| Material for the task |
[Start of section]

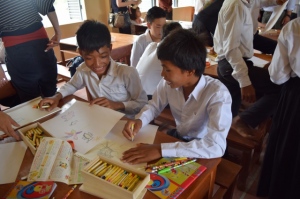 日本企業のグローバル化が進む中、日本企業のCSR活動も、純粋な社会貢献と考える企業と、事業戦略と考える企業の二分化が進んでいる。 日本企業のグローバル化が進む中、日本企業のCSR活動も、純粋な社会貢献と考える企業と、事業戦略と考える企業の二分化が進んでいる。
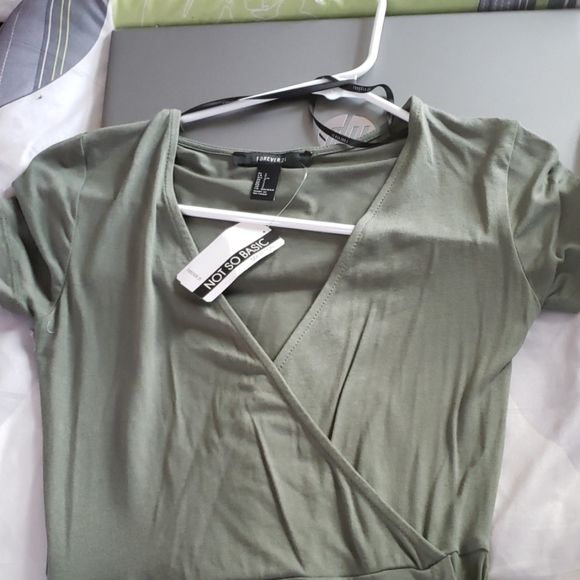 Dress - Picture 2 of 3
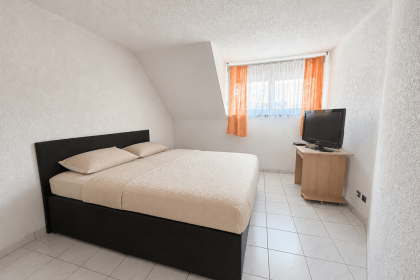 OG: Schlafzimmer 1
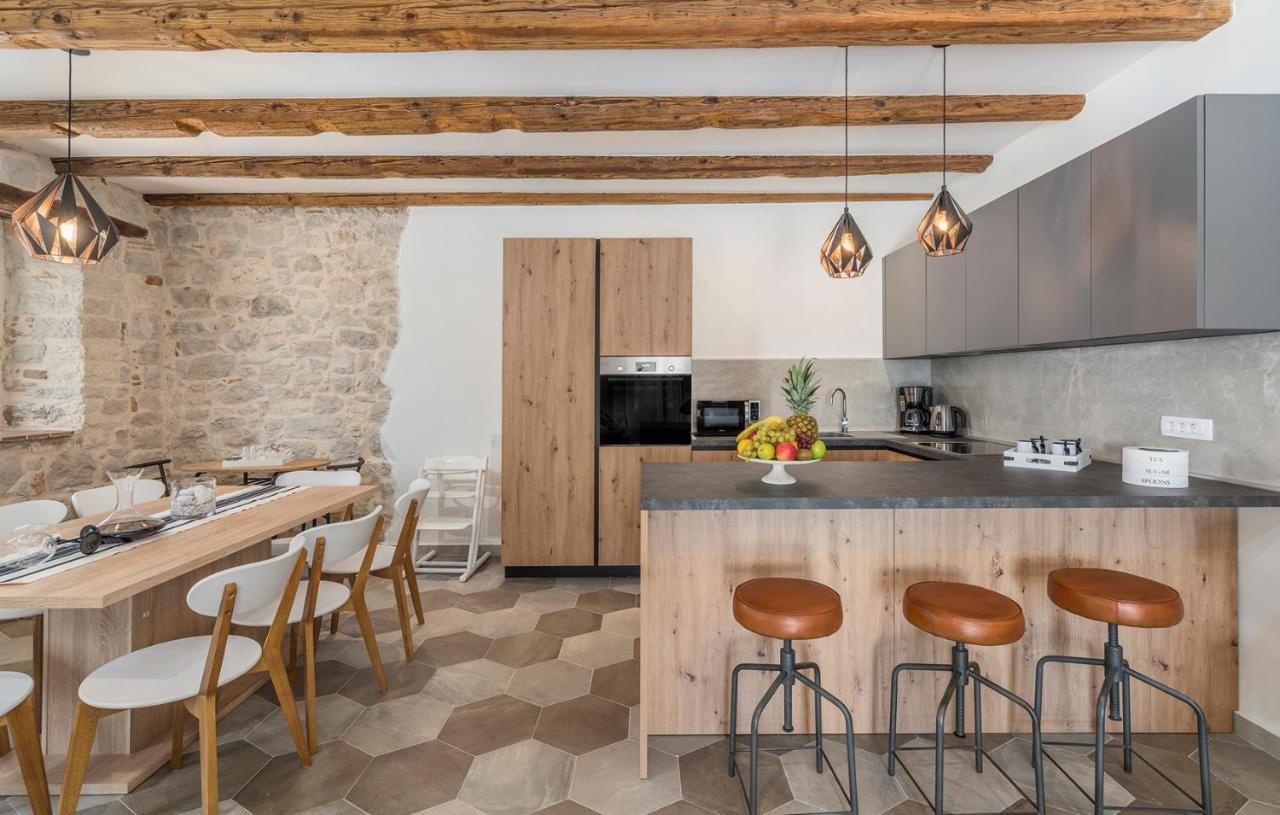 Beautiful Stone House - Villa Parentium With Private Pool Dracevac Bagian luar foto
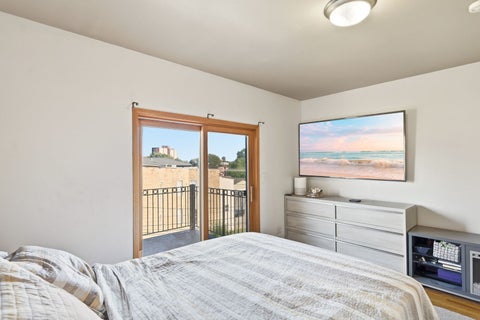 Tiny photo for 4135 S Vincennes Avenue #3N, Chicago, IL 60653 (MLS # 12754031)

[End of section]

| Exercise instructions |
Repeat all of the material above exactly, leaving out pictures.

| Written solution |
 日本企業のグローバル化が進む中、日本企業のCSR活動も、純粋な社会貢献と考える企業と、事業戦略と考える企業の二分化が進んでいる。 日本企業のグローバル化が進む中、日本企業のCSR活動も、純粋な社会貢献と考える企業と、事業戦略と考える企業の二分化が進んでいる。
 Dress - Picture 2 of 3
 OG: Schlafzimmer 1
 Beautiful Stone House - Villa Parentium With Private Pool Dracevac Bagian luar foto
 Tiny photo for 4135 S Vincennes Avenue #3N, Chicago, IL 60653 (MLS # 12754031)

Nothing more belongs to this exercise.